Un beau premier roman avec son intrigue, écrit dans un style direct, telle la dureté qui ne fait pas mille palabres et ne s’encombre pas de sentiments.
Je soulève une dernière question : à quand le permis de mettre des enfants au monde ?
« L’égoïsme est normal, il est humain. »
Avec une intimité étonnante et une douloureuse sagesse, Tola Rotimi Abraham dresse le tranchant portrait combiné d'une fratrie, d'une ville et d'une culture, toutes semblant inexorablement au bord de l'autodestruction.
Les jumelles Bibike et Ariyike, leurs petits frères Andrew et Peter sont forcés de se frayer un destin dans la chaotique Lagos, hantés par les fantômes de leurs parents qui les ont abandonnés. le récit alterne ces quatre voix en épisodes dispersés, de 1996 à 2015, sans rechercher un linéaire lisible. Les ellipses sont très réussies car elles laissent toute la place aux lecteurs pour reconstruire les trouées temporelles. Les années invisibles semblent avoir une présence, tant pis si des éclaircissements nets peuvent manquer pour suivre les évolutions des personnages. Chaque chapitre est comme l'instantané d'un journal intime, soulignant l'inconsistance du destin et combien la tragédie court, toujours.
C'est la voix des filles qui portent le plus. Et ce qu'elles disent est terrible sur la condition féminine au Nigeria et sans doute plus largement en Afrique subsaharienne. Des proies, soumises à une hypersexualisation permanente et précoce, à des agressions sexuelles quasi inévitables. Toutes destinées à être possédées, les plus belles auront le choix du propriétaire. le recours à la gémellité prend ici tout son sens car, en découplant Bibike et Ariyike, qui ont pourtant les mêmes aspirations à la sécurité, il permet à l'auteure de proposer deux chemins différents.
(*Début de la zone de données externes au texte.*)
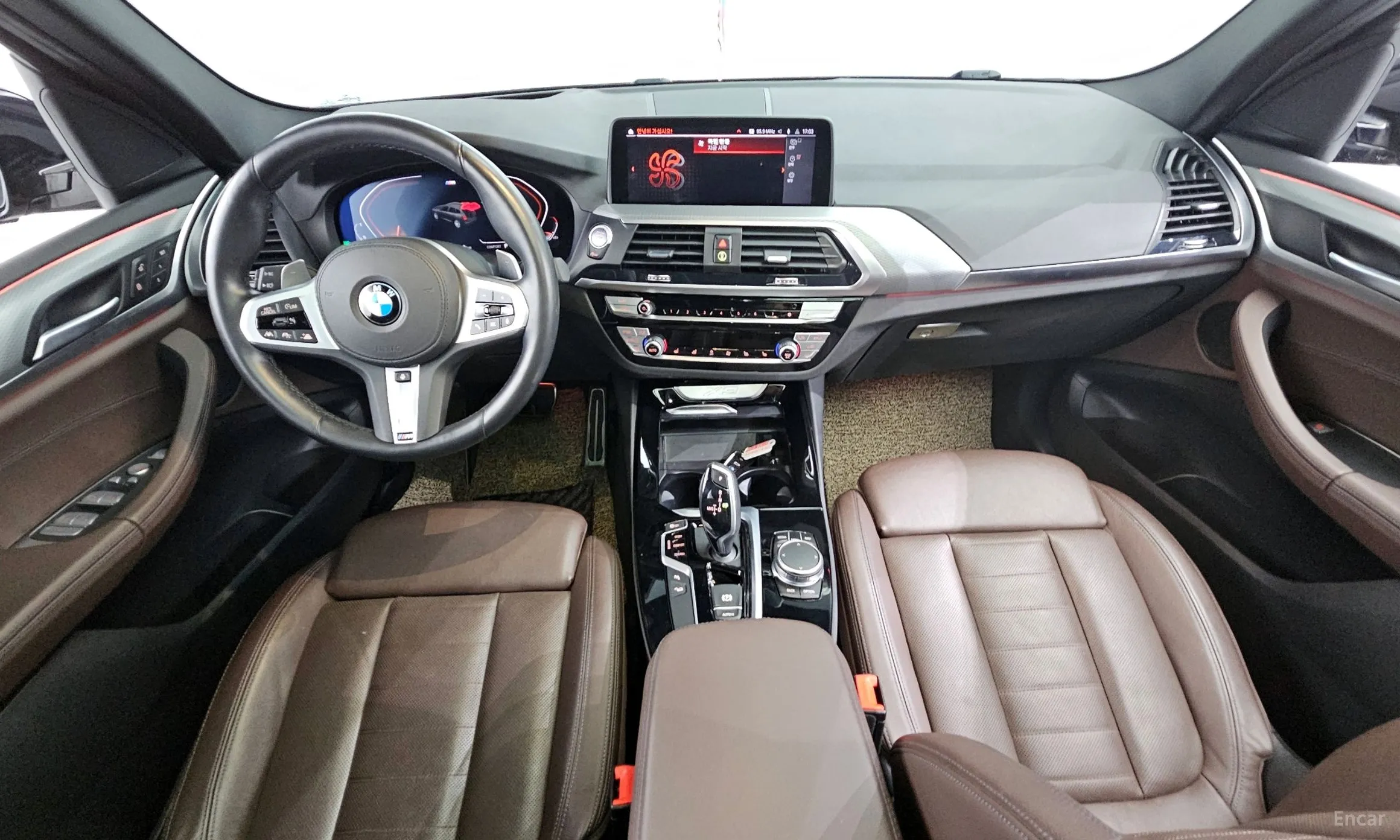 BMW X3 (G01) превью 4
Chacune trouvera sa propre résilience, sa propre résistance pour accéder à l'indépendance. Leurs frères d'ailleurs sont tout aussi victimes du patriarcat car la virilité toxique est sublimée par les institutions ( école, mariage, église ) et ils devront trouver eux aussi à en contourner les pièges.
Au-delà des personnages, c'est toute la société nigériane et le fonctionnement du pays qui est dans le viseur de l'auteure. La critique de la corruption généralisée et de la fatuité des élites est acerbe, la dénonciation de la l'hypocrisie de la religion ( quelle qu'elle soit, ici essentiellement le christinianisme pentecôtiste ) tout aussi violente, se déployant dans des scènes à la crudité saisissante. Sans fard, d'autant plus que la plume de Tola Rotimi Abraham, à la fois puissante et singulière avec ces touches d'oralité yoruba, se prête parfaitement à la tragédie, avec une touche d'humour froid très pertinente.
J'ai refermé glacée ce détonnant premier roman, à défaut d'être totalement touchée par le sort des personnages.